What a Father Could Say to a Trafficked Daughter
© 2023 Adults Saving Kids
Two Stories First
These two stories tell of two fathers mentioned in the support group we had when my wife, Ina and I were dealing with a trafficked daughter. One father was an Episcopal priest who lived in the New England area. His daughter had been trafficked. His wife was in our support group. She worked for Honeywell. At this time the daughter was in prison in Georgia but was getting out. The mother wanted the father to get involved but he kept his distance. The reality for many young women in this kind of circumstance is they need a trustworthy man who cares about them. This might be the only hope they have. One they can rely on, who loves and treasures them. This father was not ready to be that person. Sadly!
The mother went to Georgia when her daughter got out of prison and brought her back to the Twin Cities. All was well for the moment, but the mother had to go to her job. Meanwhile the daughter was left alone. Either she or some man called on the telephone. This was before cell phones. After two days when the mother came home from work, the daughter was gone. She was back on the streets. Later the daughter had a baby somewhere on the west coast and left the baby on the porch of someone’s house and took off. My heart went out to her for all the heartache she experienced in her lifetime. Much later I heard the mother died How much agony can a person take? The mother was heartbroken by all these circumstances.
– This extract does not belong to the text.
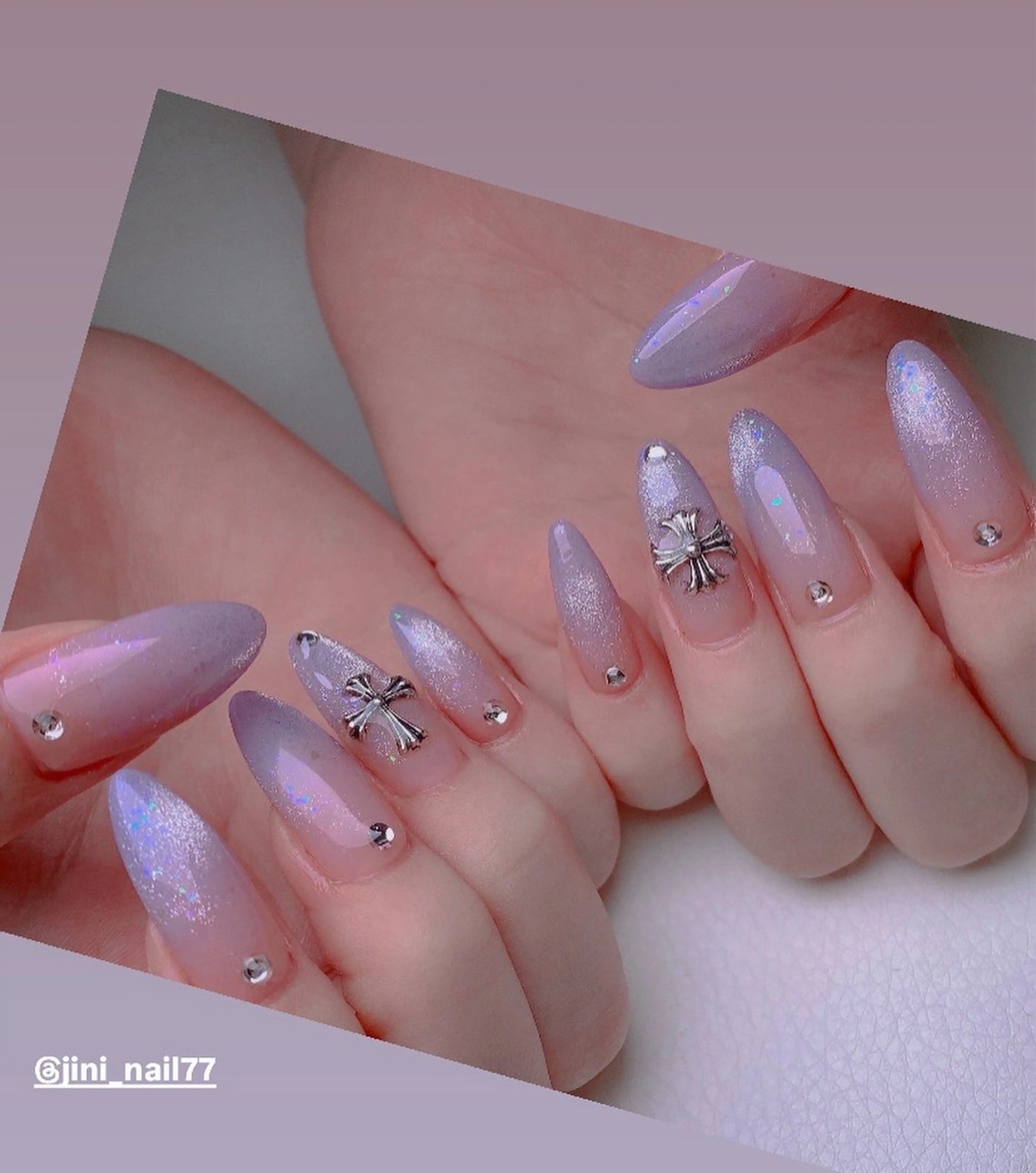 ネイル JINI NAIL所属・ジニ ネイルのネイルデザイン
Another mother in our support group had a daughter who was trafficked to Chicago. Somehow, she got away from the pimping guy and came home. When the mother came to the support group, she agonized over the refusal of her husband to talk to his daughter. He thought that it was her fault for going to Chicago and getting herself into such a fix. Months passed but the dad would not forgive his daughter or talk to her. Finally the daughter took off, went to Las Vegas and got right back into the fix she was in before—selling herself. What a tragedy! Sometimes parents don’t understand either the vulnerability of our kids or the sophisticated scheming of the traffickers. Unfortunately they don’t realize how important their love, understanding and support is.
It is easy for a man in America to be a wimp, to not lead with strength, virtue and honor. Is not this one of the reasons the sex industry flourishes?
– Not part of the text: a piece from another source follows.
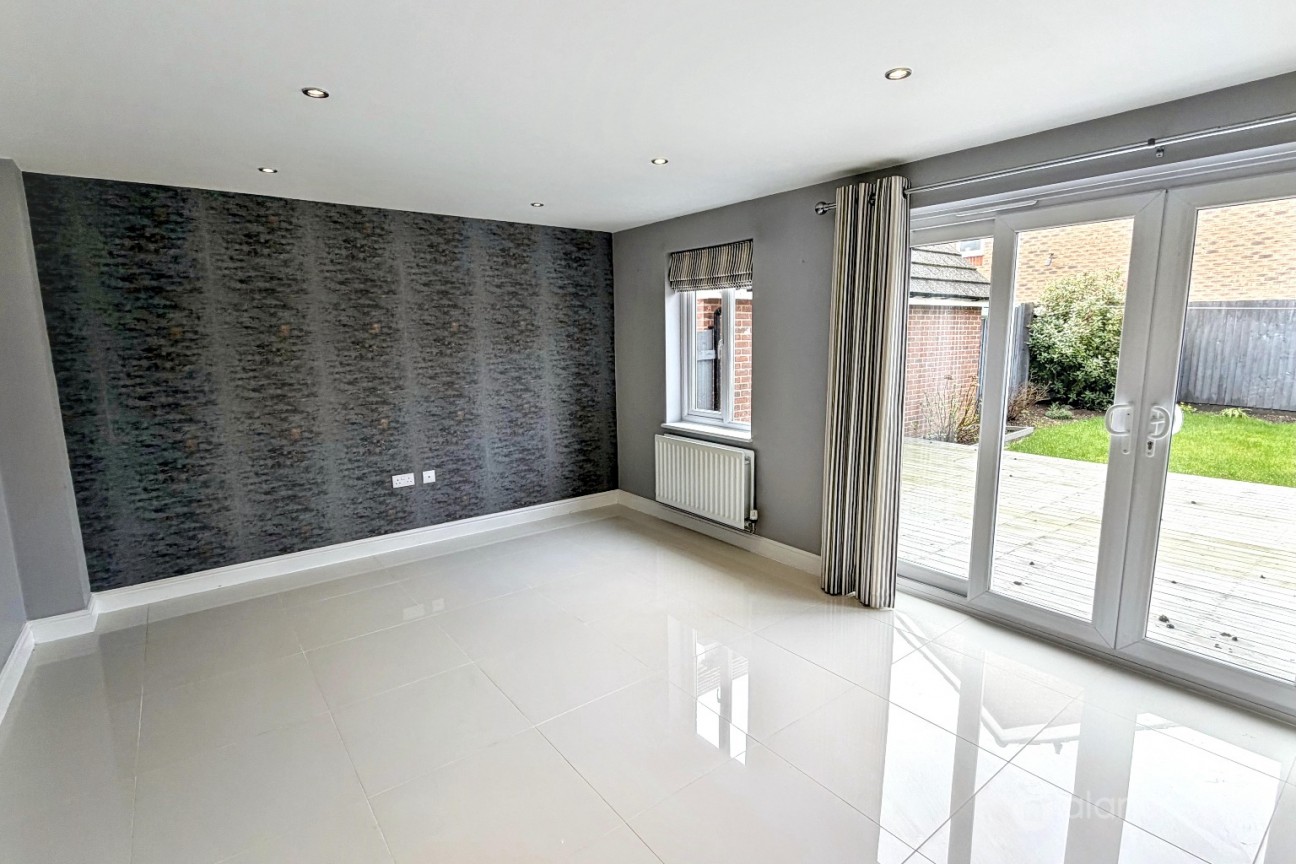 Sheelin Crescent, Eliot's View, Nuneaton, CV10 0HZ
How can a father support a daughter and family after a trafficking situation? How can he be a hope and a support?
First of all, most fathers do not understand how choices are made inside of choices. A squirrel entering a trap with peanut butter on the far end is indeed making a choice. However, the person who bought the trap and put the peanut butter at the far end of the trap also made a choice. So the squirrel is making a decision to enter without realizing that some other being has also made the decision to entrap the squirrel. We can call this making a choice inside of a choice.
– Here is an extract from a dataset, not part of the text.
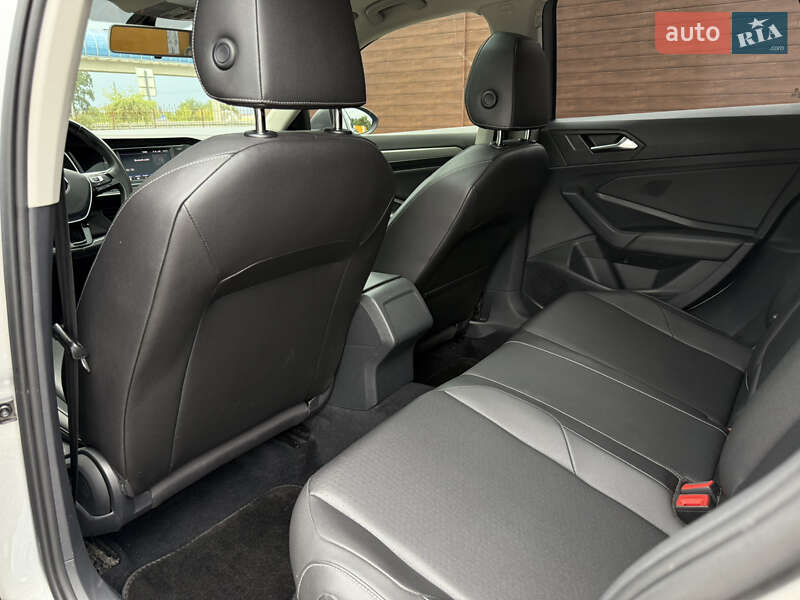 Седан Volkswagen Jetta 2019 в Киеве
If a father sees this for what it is, then that father can speak frankly to his daughter and say, “You got set up by someone presenting to you what looked like a good thing but they had their own plans, pretty sure as to how you would respond. We never taught you about these things so we actually did not do what we could have done. We did not equip you to see through set-ups. We did not inform you of the kind of people who are out there. We did not take seriously how at your age you were inexperienced with the sophisticated schemes people have to take advantage of the unprepared. I choose to love you now as I always have in the past. I choose to stand by you here with all that’s happened. We are going to get through all the trauma you have experienced. You are important and valuable to me. You are still God’s child and that means God loves you. You will have moments of self-blame. You will have memories that create havoc in your mind and soul. This is not easy to deal with but here I am. I am for you, not against you. There will be moments where you might lose control. There will be moments where you will remember what the trafficker told you that your parents don’t care about you anymore. That is all baloney. Don’t let these thoughts get a foothold in your thinking. You are special to me, to our family. God forgives whatever there is to forgive. I forgive whatever there is to forgive. Forgive me for not preparing you. Will you do that? Listen to the words I am speaking. They are the truth, not the falsehoods and lies somebody concocted to get control of your mind. It might take a while. You are on the road to recovery and that is a good road to travel. Do you get what I am saying?”